╔══
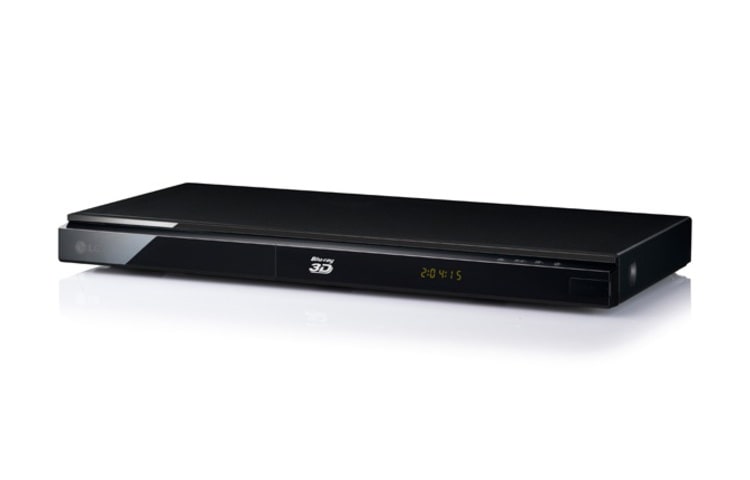 LG 3D-Blu-ray-Player mit WLAN, Smart TV und externer Festplattenunterstützung, BP620, thumbnail 3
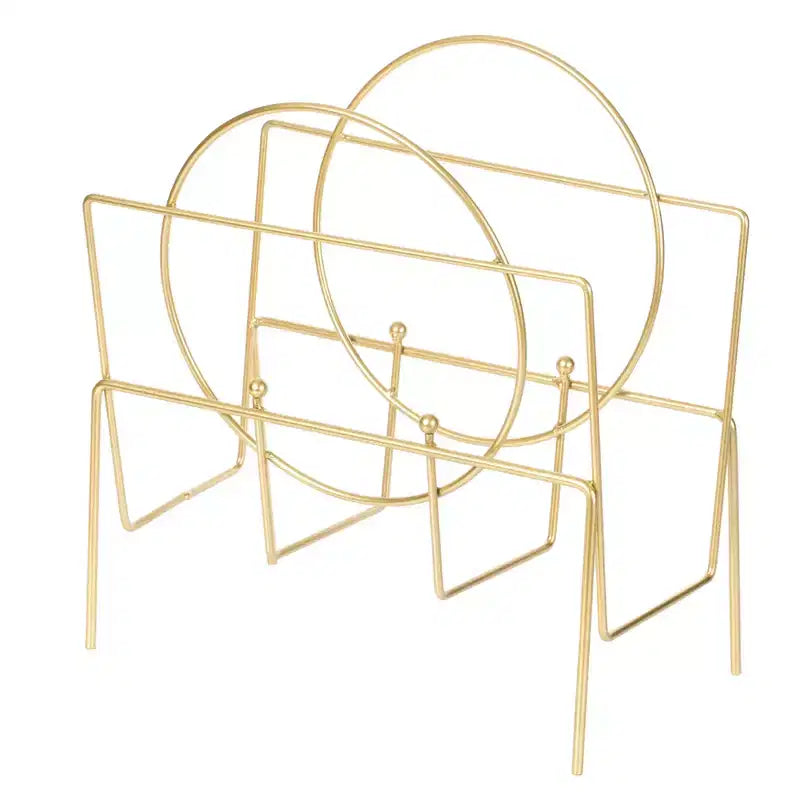 Fabulaxe - Organizador y Soporte de Revistas para Escritorio, Oficina, Sala de Estar, Salas de Espera, Revistas, Libros, Periódicos y Otros Materiales de Lectura 14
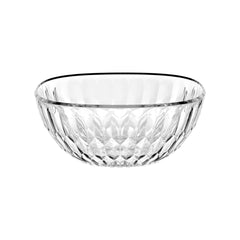 Guzzini Vanity Bowl Clear 30 cm - Made in Italy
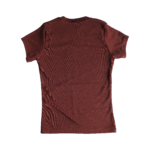 Blusa Missy - Color Terracota - Imagen 2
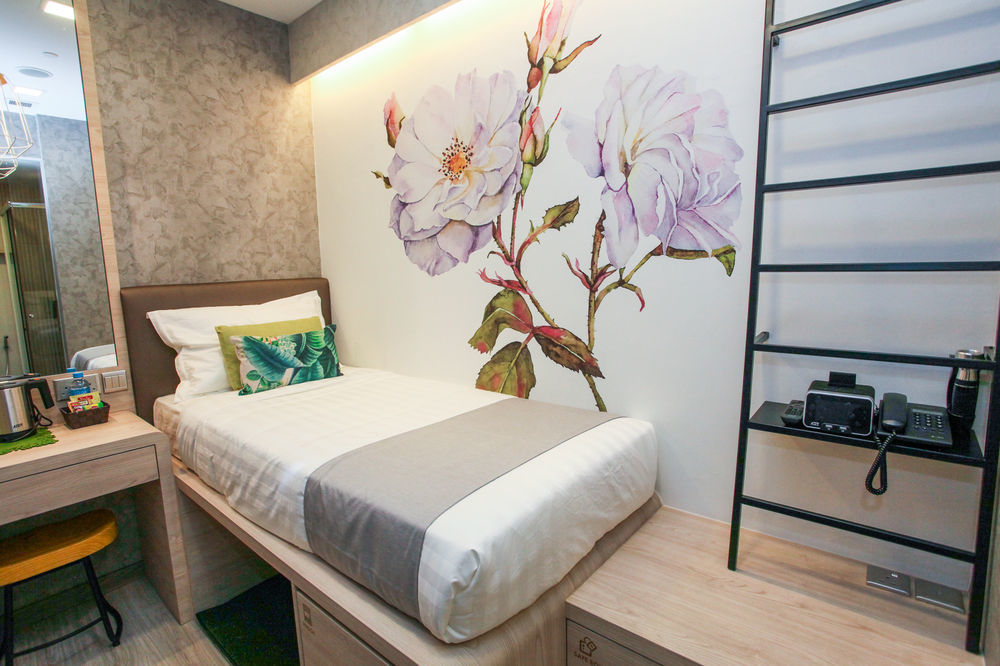 Hotel Champion Singapore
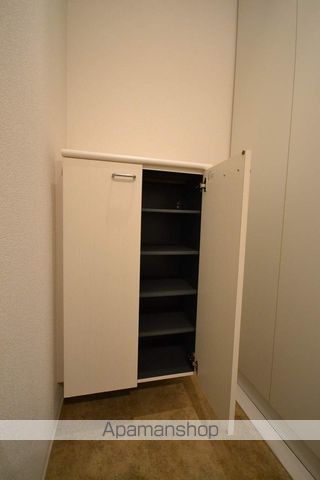 るーばんハイムの内装写真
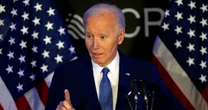 Neues Buch von Star-Journalist enthüllt schockierende Details über Joe Biden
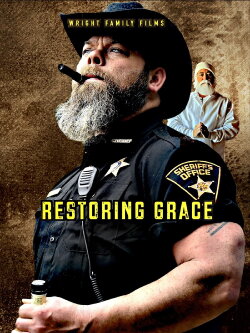 Restoring Grace (2024)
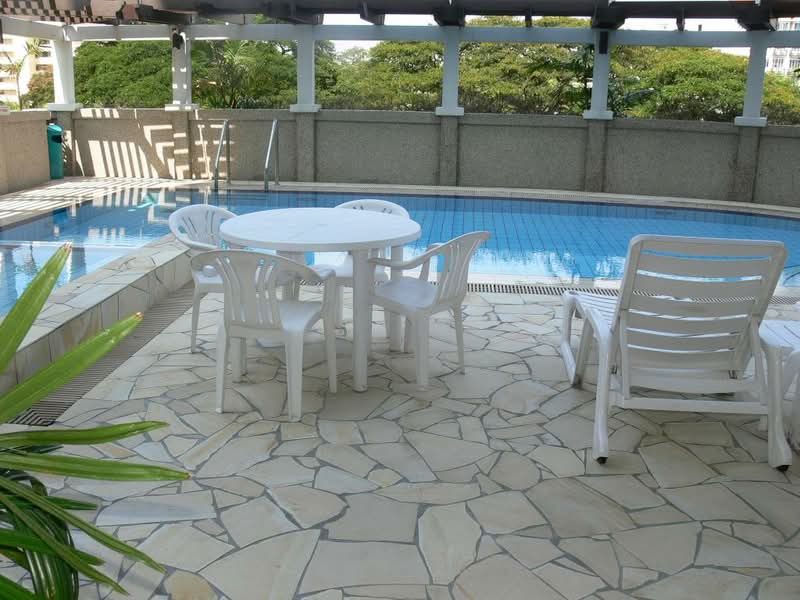 Cassia View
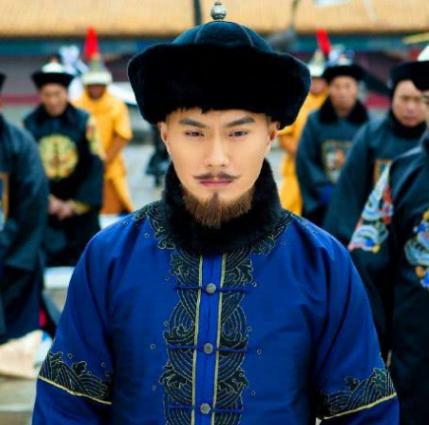 穆库什：大清最惨公主，一生被迫改嫁三次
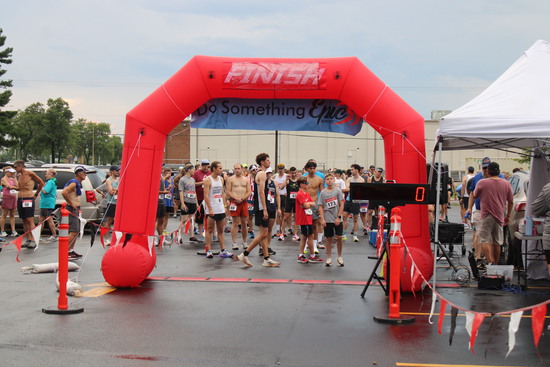 View Start Line in new tab
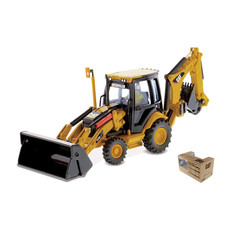 CAT 420E IT BACKHOE LOADER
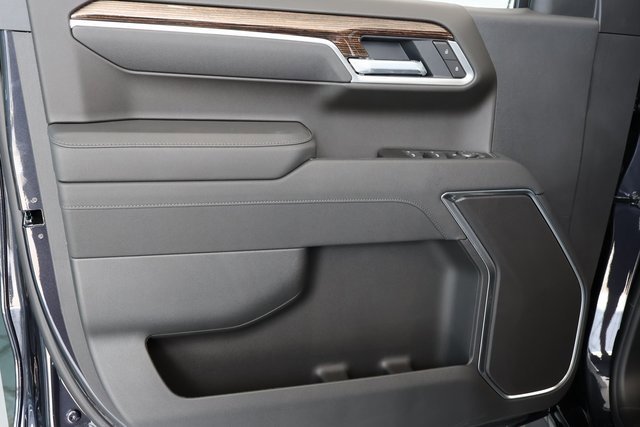 2026 Gmc Sierra 1500 SLE photo 7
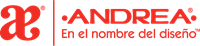 Andrea Internacional Logo ,Logo , icon , SVG Andrea Internacional Logo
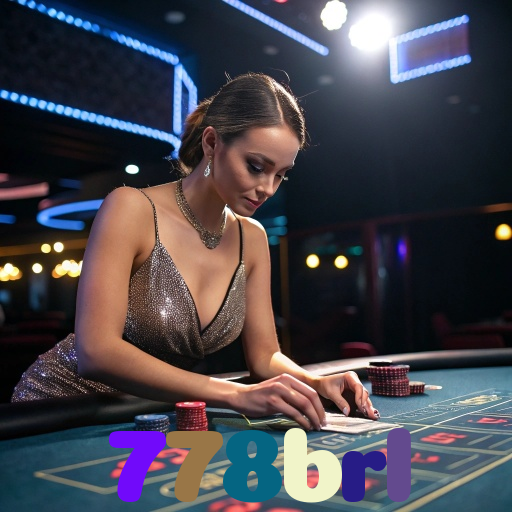 778brl:Aposte nas melhores slots e conquiste prêmios como nunca!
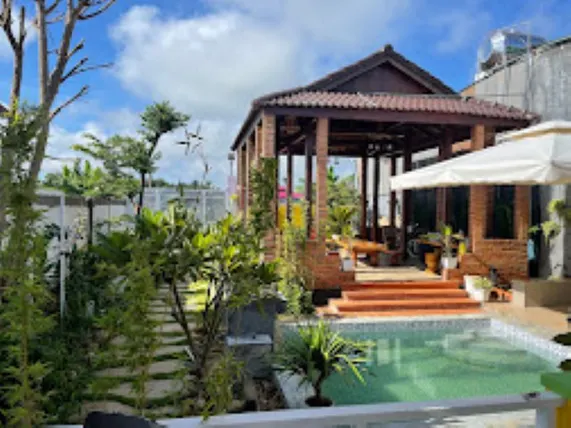 Ảnh Nhà nghỉ Tứ Quý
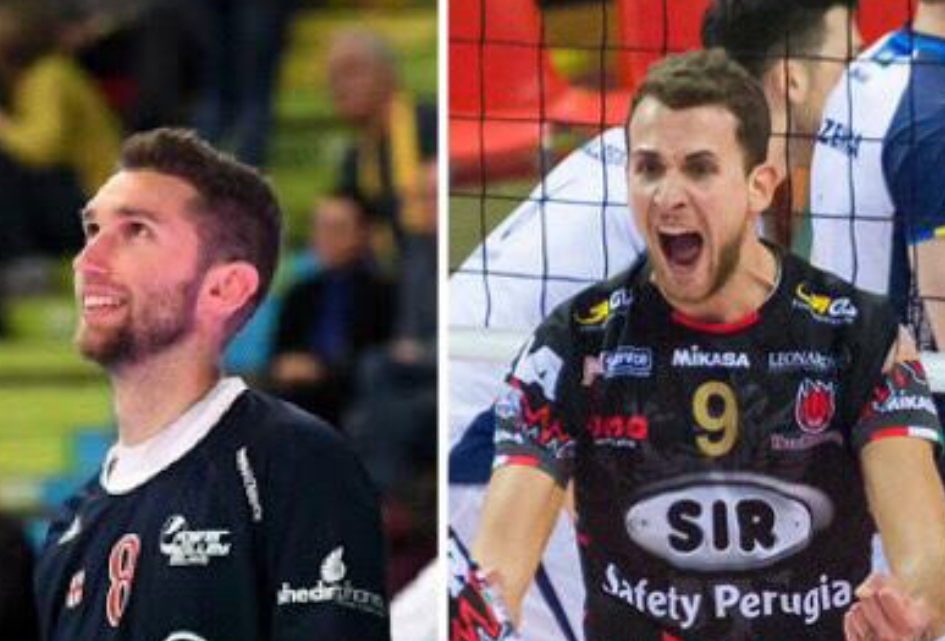 Emma Villas a caccia di centrali: in pole position Alletti e Barone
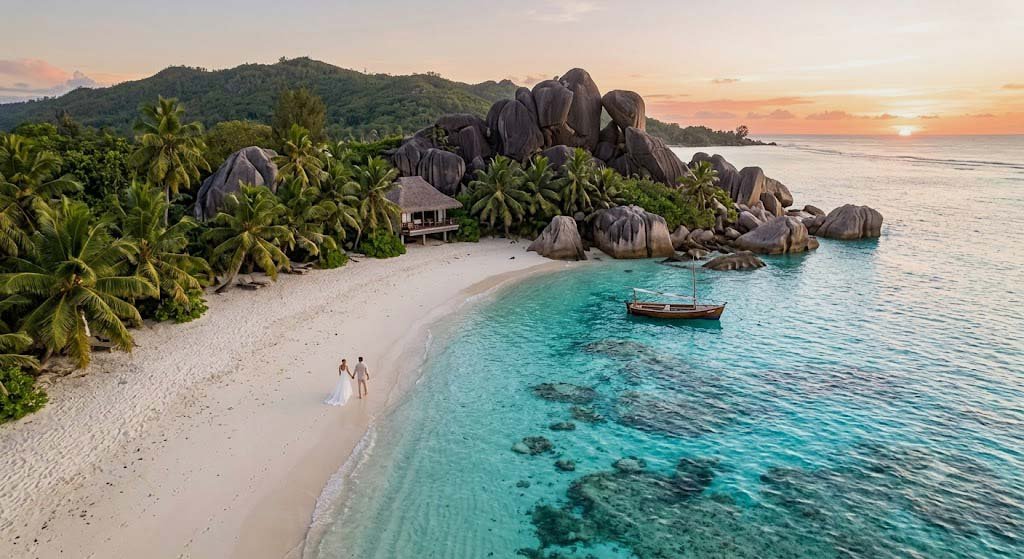 Honeymoon
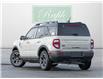 2025 Ford Bronco Sport Outer Banks (Stk: 25B5000) in Mississauga - Image 9 of 37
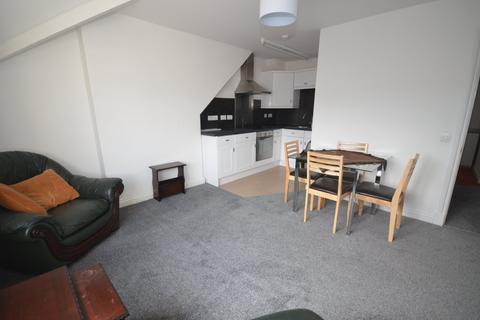 2 bedroom flat to rent, Flat 3, Brynmair, Park Avenue, Aberystwyth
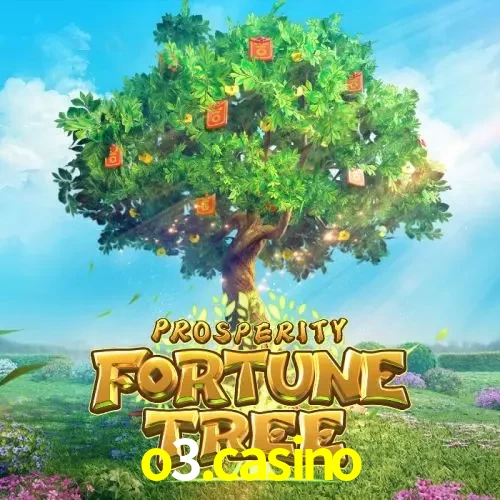 fortune tree game image
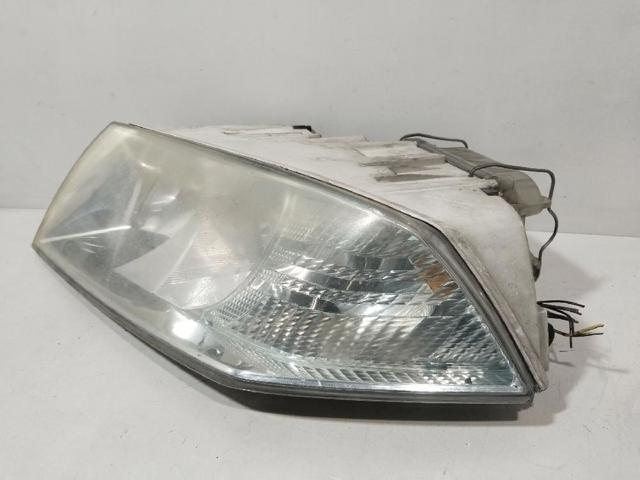 1Z1941017P VAG Faro izquierdo  en stock Gandía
╚══
> Try it: Skip the pictures, then return the rest of the data exactly.

> Response:
 LG 3D-Blu-ray-Player mit WLAN, Smart TV und externer Festplattenunterstützung, BP620, thumbnail 3
 Fabulaxe - Organizador y Soporte de Revistas para Escritorio, Oficina, Sala de Estar, Salas de Espera, Revistas, Libros, Periódicos y Otros Materiales de Lectura 14
 Guzzini Vanity Bowl Clear 30 cm - Made in Italy
 Blusa Missy - Color Terracota - Imagen 2
 Hotel Champion Singapore
 るーばんハイムの内装写真
 Neues Buch von Star-Journalist enthüllt schockierende Details über Joe Biden
 Restoring Grace (2024)
 Cassia View
 穆库什：大清最惨公主，一生被迫改嫁三次
 View Start Line in new tab
 CAT 420E IT BACKHOE LOADER
 2026 Gmc Sierra 1500 SLE photo 7
 Andrea Internacional Logo ,Logo , icon , SVG Andrea Internacional Logo
 778brl:Aposte nas melhores slots e conquiste prêmios como nunca!
 Ảnh Nhà nghỉ Tứ Quý
 Emma Villas a caccia di centrali: in pole position Alletti e Barone
 Honeymoon
 2025 Ford Bronco Sport Outer Banks (Stk: 25B5000) in Mississauga - Image 9 of 37
 2 bedroom flat to rent, Flat 3, Brynmair, Park Avenue, Aberystwyth
 fortune tree game image
 1Z1941017P VAG Faro izquierdo  en stock Gandía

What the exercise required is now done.